With an extra leg, I don’t see too many pros. Would it make me faster? There doesn’t seem to be any athletic benefit to it. Maybe the high jump at the Olympics? Would they even let me compete? Would a third leg allow me to propel myself higher than a two-legged man or would it weigh me down? If you think manspreading is an issue now, imagine sitting on a subway next to a guy with a literal third leg, not the Hamm thing.

A third arm seems more reasonable, especially when it comes to having special clothes tailored for me. I could probably be an elite MMA fighter with three arms. I could be a world champion juggler. I’m not exactly sure about the logistics, but a third arm has a better chance of improving your abilities in the sack than a third (literal) leg. Carrying shit would be way easier. Depending on where the arm is protruding from my torso, maybe I get a better angle for butt wiping.

Arm is the way to go.

5. The Net

It’s weird to say, because the NHL changed the rules because of how good Gretzky was behind the net, but the answer is Crosby. Both guys had/have incredible vision and play-making ability from behind the net. Gretzky could move guys around with his eyes and slip the puck through tiny seams, and Crosby can do that sort of thing too.

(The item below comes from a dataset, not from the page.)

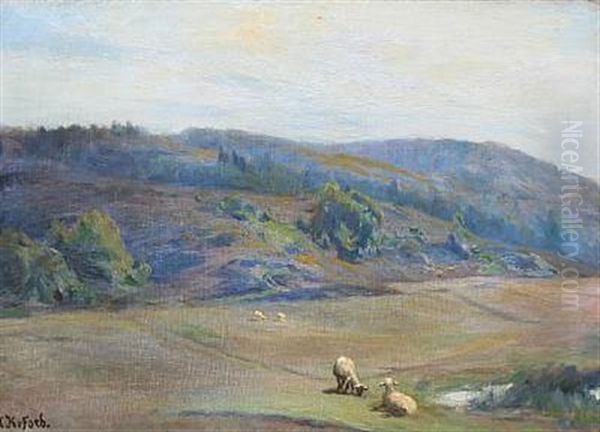 Landscape With Sheep Oil Painting by Hans Peter Kofoed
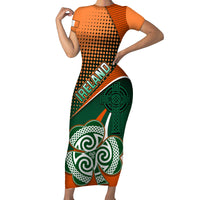 Ireland Rugby Short Sleeve Bodycon Dress Irish Shamrock Go 2023 World Cup - Wonder Print Shop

But Crosby can protect the puck behind the net with his big ass like no other. Gretzky was a spindly dude that didn’t really have to do that because teams were so terrified to attack him behind the net, so they’d just stand there. Crosby’s ability to hold the puck and drag defenders like the way the ship dragged mines in Galaxy Quest is unrivaled.

6. Bad Boys

Weird, your phone autocorrects Kevin Klein to Dan Girardi. You should get that fixed.

7. Death Race

Probably nobody, but I give the Wild a chance, only because Jake Allen is at .974 through three games, which is just nuts. The Wild have looked so off in this series, like they are all just meeting each other for the first time before every game. But with Allen set up for regression and the Wild dominating shot attempts, it’s possible.

8. Sing Street

It’s tough to beat Chelsea Dagger. It’s also tough to remember it because the Blackhawks haven’t scored at home this postseason, but look it up. It’s good.

Whatever the Canadiens have is pretty terrible. It sounds like the thing the Islanders were using a couple years ago. They both sound like the song that would play over a two-minute montage during a 1980s movie where Ralph Macchio lifts weights or over the credits of an Elisabeth Shue movie from 1986.

A good goal song has a hey, oh or some other sound you can chant for 30 seconds over a rocking background track. A guy with what I have to assume is a mullet mumbling after a goal is of no use to anyone.

9. The Two Jakes

He’s single-handedly ruining my bracket and I hope he gets jock itch.